Working to Fill the Resource Jobs

Friday, January 13, 2012 @ 3:59 AM

Prince George, B.C.- With tens of billions of dollars worth of projects planned for Northern B.C. over the next 8 years, and a government commitment to have 8 new mines and 9 mine expansion plans  approved during  that time, there will be plenty of opportunity  for skilled employment in the years ahead.

The problem will be to ensure there are enough people to fill the   one million jobs that will be available. Most of the positions will be available as aging baby boomers opt to retire, but there will be expansion as the major projects come on stream.

It is expected immigrants will have to be called upon to help fill about one third of those jobs as current populations in B.C. and migration from other provinces won’t be enough.  

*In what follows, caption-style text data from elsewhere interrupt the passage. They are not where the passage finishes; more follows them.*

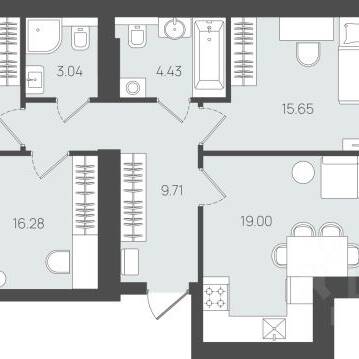 Plans ЖК «Клевер»
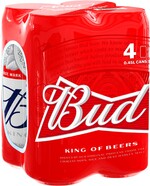 Промо-набор BUD пиво светлое пастеризованное, 5%, ж/б, 4x0.45л Россия, 1.8 L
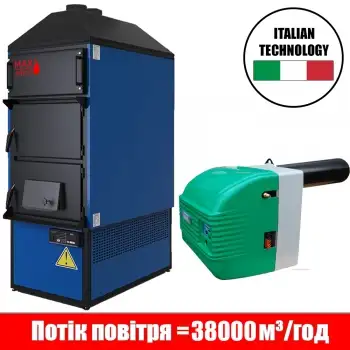 Воздушный теплогенератор на отработанном масле Airmax F 490M кВт фото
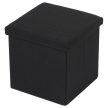 Storage Ottoman Black Fabric TAB-461 (In Stock)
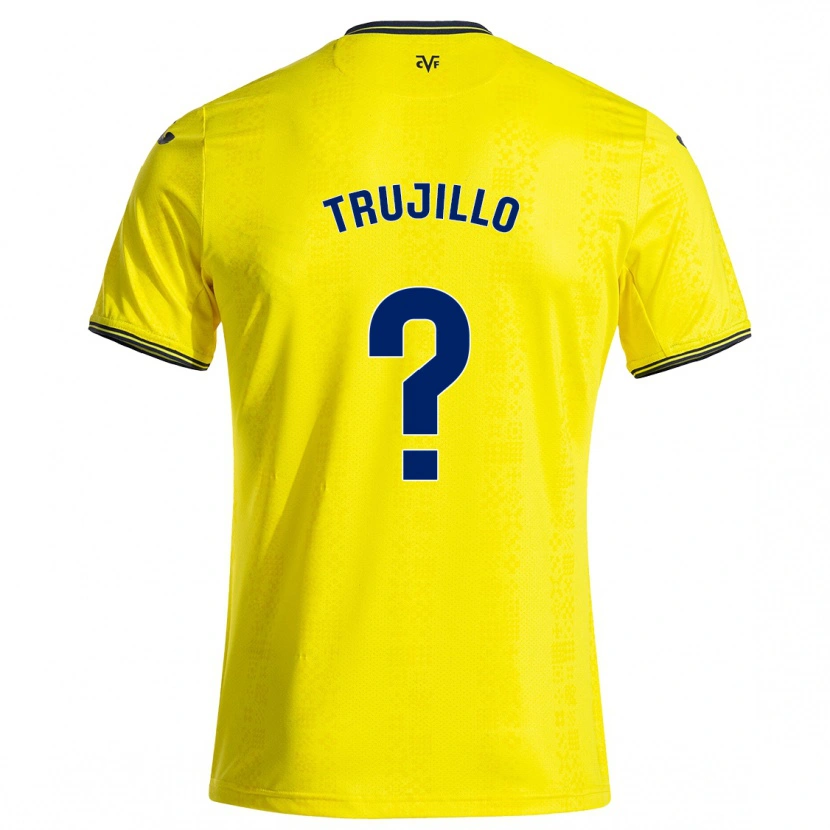 Danxen Heren Jairo Trujillo #0 Geel Zwart Thuisshirt Thuistenue 2024/25 T-Shirt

The province’s Immigration task force has held its first consultation, meeting with stakeholders and industry experts in Prince George yesterday. 

The 10-member group is comprised of business and community leaders who will make recommendations about how to increase the number of skilled immigrants and investors in British Columbia.
 
Task force members will engage with employers, industry and sector associations, settlement service providers, community associations and other relevant groups across the province as well as examine how several immigration programs can be enhanced to better respond to regional labour market and economic development needs.

Comments

If you could not find a job for a long time it is time to change your career guys.. The time is now. Be on your way to earning an accredited degree. Check out High Speed Universities and they sure find suitable career based on your interests.

Immigrants, hmmm, I bet a whole swack of americans will come up here…. Naah, i can’t stand their arrogance.

And we need a pipeline jobs for what reason??

How many times can the public be sold this line before it finally wakes up?

A decade or so ago we were entering into a “high-tech, value-added future”, (again! ~ we’d already entered it several times before, since at least the mid-’70’s, just as we’re now said to be entering into another ‘resource boom’, again), and jobs like ‘electrical engineers’ were going to command those six figure salaries.

Those already employed in such fields, (even though they themselves weren’t quite up to the six figure level yet, often encouraged the next generation that this was where the future was ~ and many of that generation bought in).

Unfortunately, there is a considerable ‘time lag’ between the time a would be future ‘electrical engineer’ begins his or her studies, and the time they are finally graduated, and available for hire.

In one class of 32 originally enrolled at UBC, 13 made it through the six years of study to graduate. Only 3 were able to find jobs in their chosen profession. The rest, loaded up in many cases with student loans, were told that they might’ve made a bad career choice, and should explore their options to be trained for something else.

This was when Northern Telecom was the darling of both Bay and Wall Streets, and Canada was entering the field of wireless telecommunications as a ‘global’ leader.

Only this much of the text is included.